Issuers are paying up to keep investors happy on acquisition term loans that have not been funded due to delays in deal closings. Buysiders said issuers have been offering generous "ticking" fees recently as a way to appease antsy investors in a tough market while they await funding on their allocations. Suiza Foods is offering investors 50 basis points as compensation for their patience, while International Multifoods has raised eyebrows with an unusually high 300 basis points fee--matching the spread on the loan. One market player suspects Multifoods may have credit issues unrelated to the acquisition explaining its hefty fee. John Byom, cfo at Multifoods, did not return repeated phone calls. Officials at CIBC World Markets, did not return calls about the increased fee.

Fees to maintain good relationships with buysiders are not new, but with Multifoods, "It's an unusual level and surprised a lot of people," said one buysider, noting the fee is as generous as the spread on what should be the company's $450 million funded deal. "It's like free money," he said, explaining that he's getting the same spread he'll receive once he pays up on the loan. But no matter how high the fee, investors still want deals funded since unfunded deals require capital allocation. Lenders can't walk away from the deal once documentation closes, and unfunded deals are difficult to trade out of in the secondary market. "The deal was scheduled to close in June and it's been pushed out month by month," said one disgruntled investor in the credit backing Suiza Food's acquisition of Dean Foods.

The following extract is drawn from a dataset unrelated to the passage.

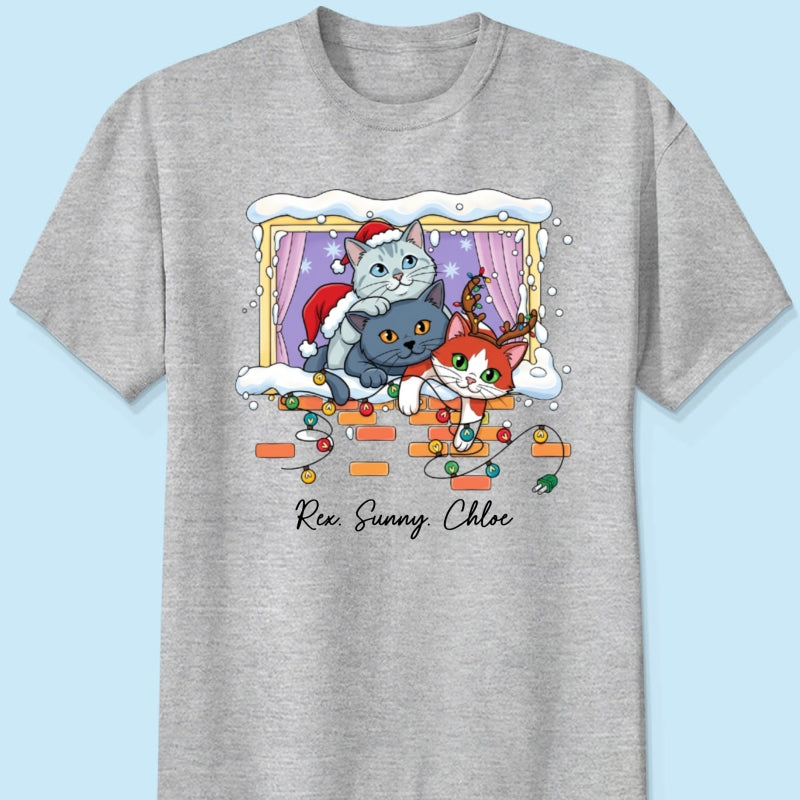 Trending Cute Christmas Cat Dog - Personalized Shirt - Christmas Gift For Cat Lover, Dog Lover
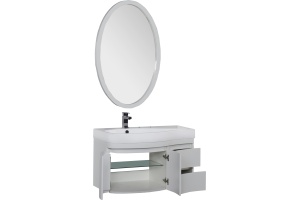 Мебель для ванной Aquanet Сопрано 95 белая L - 2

Cory Olson, treasurer of Suiza, said his company started offering investors a 50 basis points ticking fee in mid-July to maintain the company's relationship with investors after the deal looked like it might take longer than expected. "A year ago you might get a transaction done without a ticking fee, but the market's changed," said Olson, explaining that his company is now trying to raise money in an environment with fewer participants. "We didn't want to take the last penny off the table," said Olson, describing the motivation behind his company's decision to compensate investors for the unfunded paper they are holding. "There's less capacity in the market and the market is tightening up from a credit perspective. This is a way to keep a good relationship."

On Multifoods, buysiders speculated that a richer reward may be a function of a more complicated acquisition. The company's purchase of certain General Mill assets is dependent upon the closing of a General Mills' acquisition of Pillsbury which has been delayed for months. The deal has been in the market since February and investors are still awaiting word.

A buysider noted that after a certain amount of time, a 50 basis point ticking fee isn't enough to compensate investors for the risk associated with the credit. "It's inadequate after awhile because you still own the risk."